** Opening RECORD EXTRACTS block **

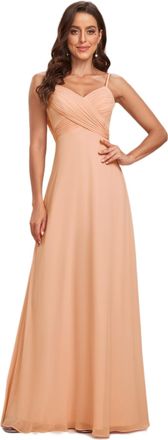 Ever-pretty Womens Spaghetti Straps V-Neck A-Line Chiffon Empire Waist Backless Maxi Bridesmaid Dress Peach Pink 14UK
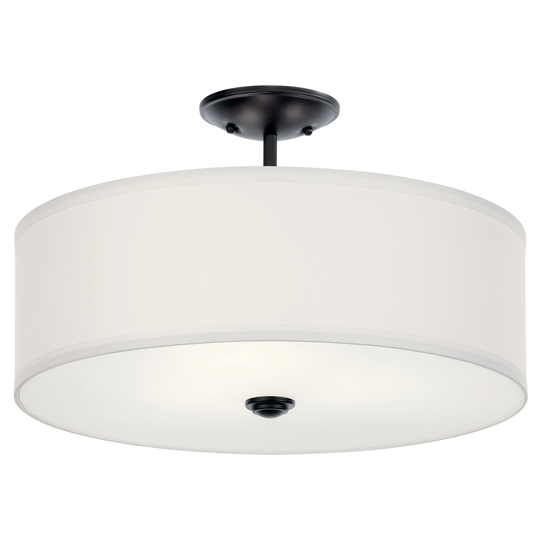 Kichler Lighting Shailene 18 in. Round 3-Light Black Drum Semi-Flush Mount Ceiling Light with White Microfiber Shade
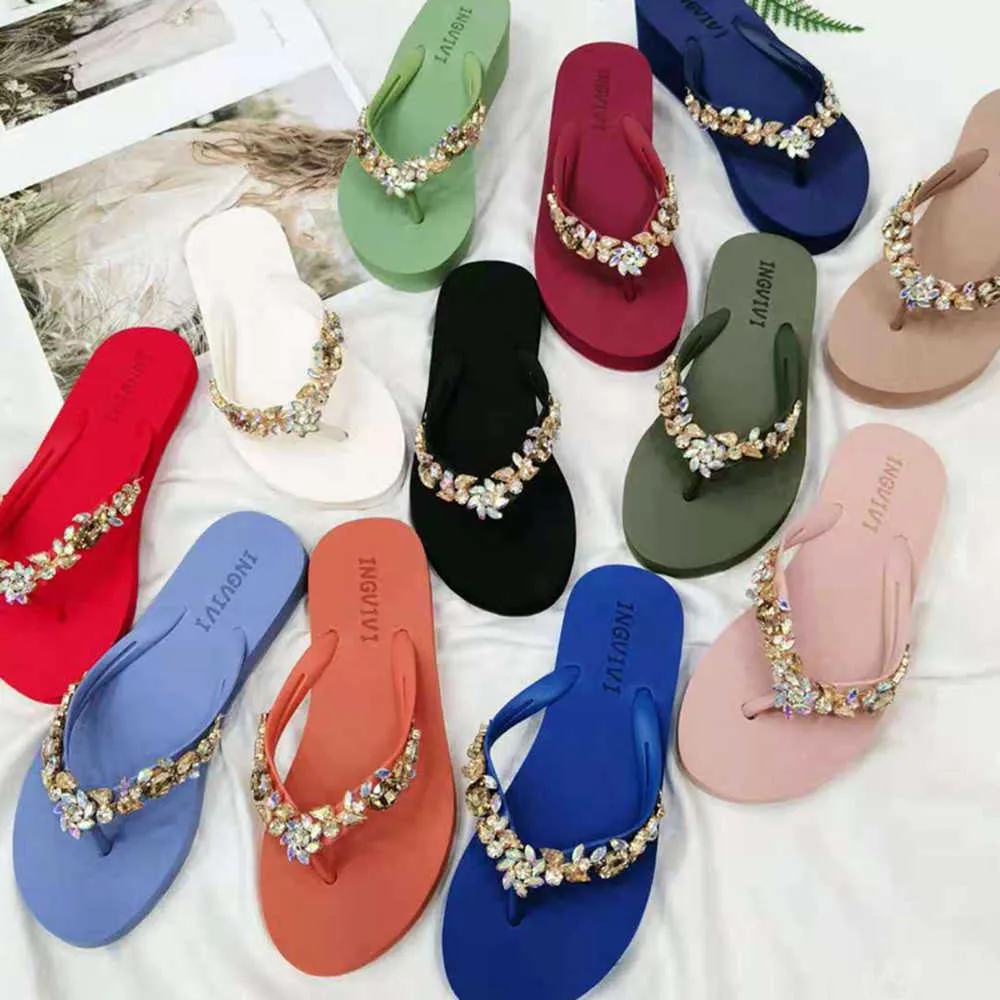 Terlik Tutturum atı Kadın Terlik Yaz Flip Flops Kadın Kristal Bling Plaj Ayakkabıları Açık Düz Sıradan Sandalet Zapatos De Mujer HH729 Z0317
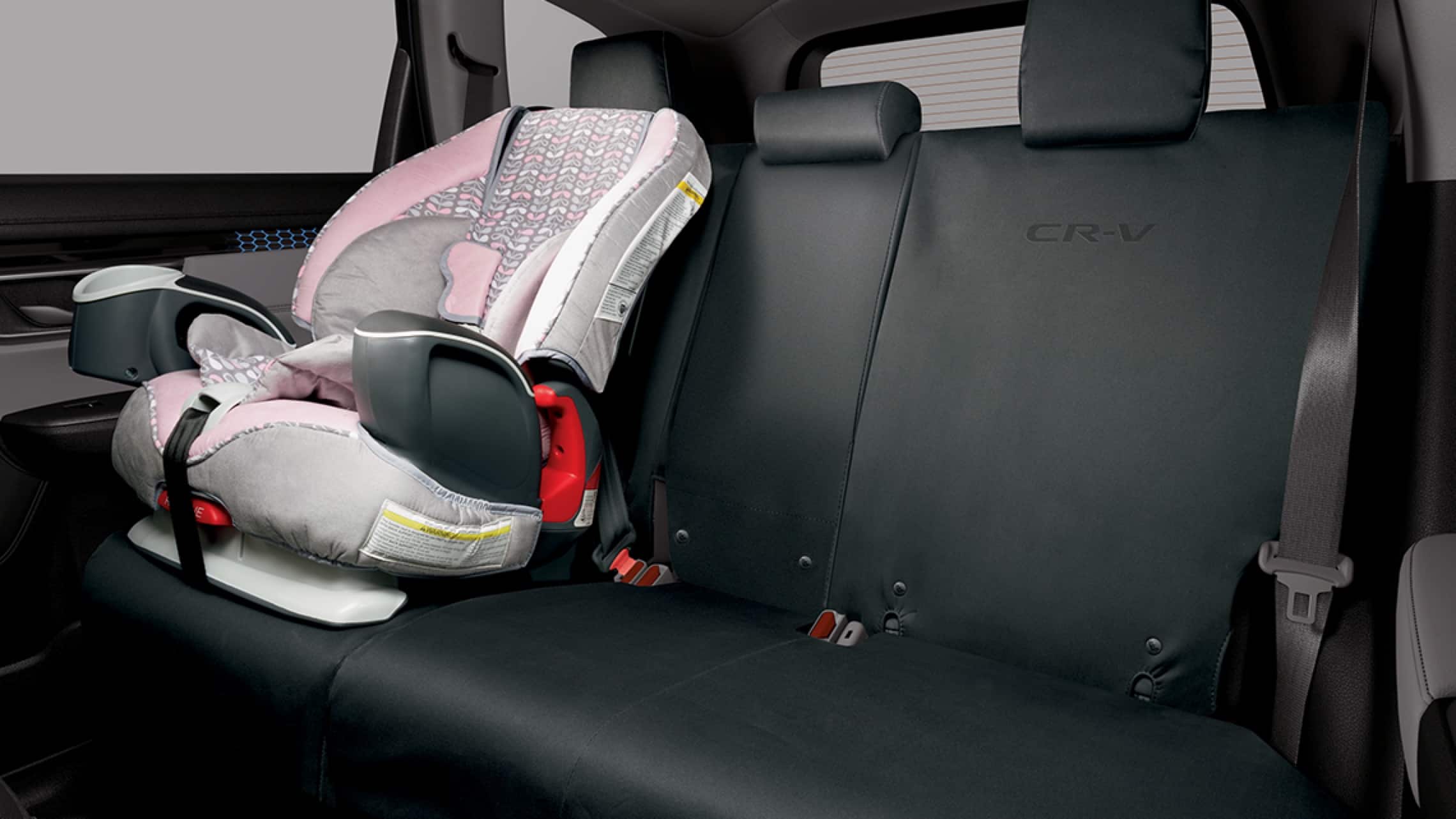 2019 Honda CR-V interior with Honda Genuine Accessory rear seat covers.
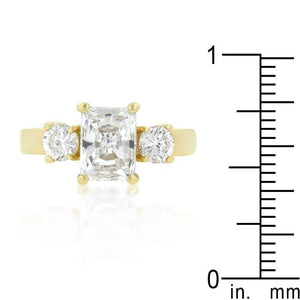 Triplet Radiant Round Cubic Zirconia Ring - Jewelry Xoxo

** Closing RECORD EXTRACTS block **

• [EXERCISE AIM] Repeat the lines above exactly, and keep every picture out.

• [TASK SOLUTION]
 Ever-pretty Womens Spaghetti Straps V-Neck A-Line Chiffon Empire Waist Backless Maxi Bridesmaid Dress Peach Pink 14UK
 Kichler Lighting Shailene 18 in. Round 3-Light Black Drum Semi-Flush Mount Ceiling Light with White Microfiber Shade
 Terlik Tutturum atı Kadın Terlik Yaz Flip Flops Kadın Kristal Bling Plaj Ayakkabıları Açık Düz Sıradan Sandalet Zapatos De Mujer HH729 Z0317
 2019 Honda CR-V interior with Honda Genuine Accessory rear seat covers.
 Triplet Radiant Round Cubic Zirconia Ring - Jewelry Xoxo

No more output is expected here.